Not a breath of wind stirs the remaining leaves on the alder trees by the river bank but the huge drops of water, coalesced from the leaden mist drip with a broken rhythm into the sluggishly moving water, and of course on me. A man in suit comes out of his front door and barely glancing around him, climbs into his tiny mazda sports car. His surroundings are now plastic, metal and the inane jabbering of a fool on FM and his chosen music.
Thumping a bass beat, the car zooms off down the road, scattering cats into the bushes as he turns the bend at the end of the road.
Disgruntled birds sit on branches over torpid fish as they float weaving in the flow. The air smells of something indescribable but elemental on this day of half-light.
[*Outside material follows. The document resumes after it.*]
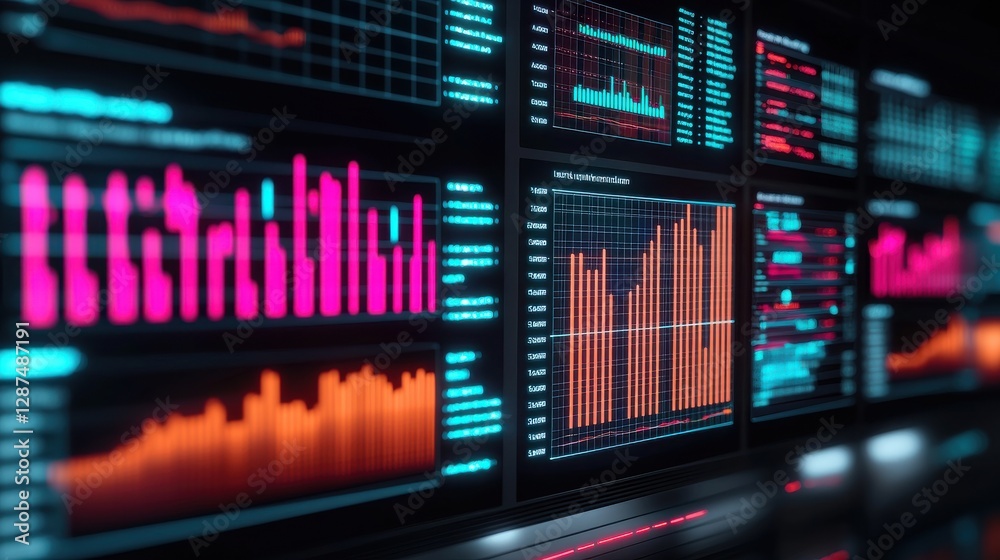 A vibrant digital display of financial data, featuring colorful graphs and charts, representing market trends and analytics. A vibrant digital display of financial data, featuring colorful graphs and charts, representing market trends and analytics.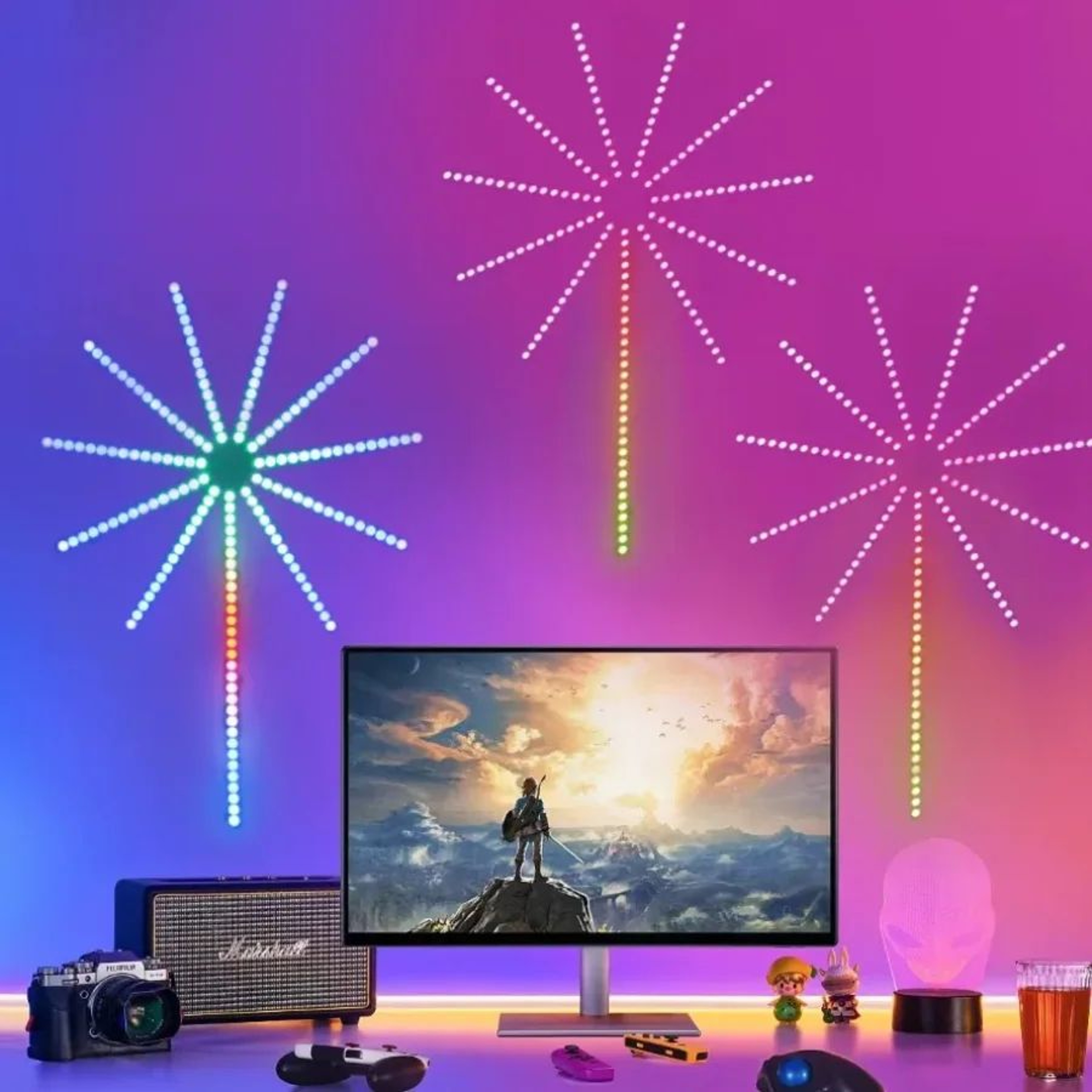 Smart RGBIC Firework LED Strip Light With App Control Music Sync And USB Power 2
In the river bank, a small hole can be seen and from within, tapping and chuckling. If one were to look closer, a gleaming pair of eyes might be barely visible in the dark of the river bank, squinting in concentration. Tap, tap, tap.... a pair of tiny hands is fashioning something. As yet it is impossible to see but a hammer, its head no bigger than thumbnail, beats out a rhythm on a piece of previously discarded metal. As he taps, the tiny fellow sings a song. It is an ancient song with words that he recognises as ancestors of his own words, but nevertheless as old as the bedrock that makes the land, before the time when the upstart men started making their presence felt in the forests. The tapping stops and a grunt of approval can be heard from the tiny cavern. Emerging, distractedly into the light is a tiny man, no more than a handwidth high. He wears a collection of strange garments, some seemingly woven from grass or other vegetation, but some shimmering and light like some ethereal material never before spun. On his feet, incongruously, a pair of tiny wellington boots, the tops turned over to reveal a band of grey.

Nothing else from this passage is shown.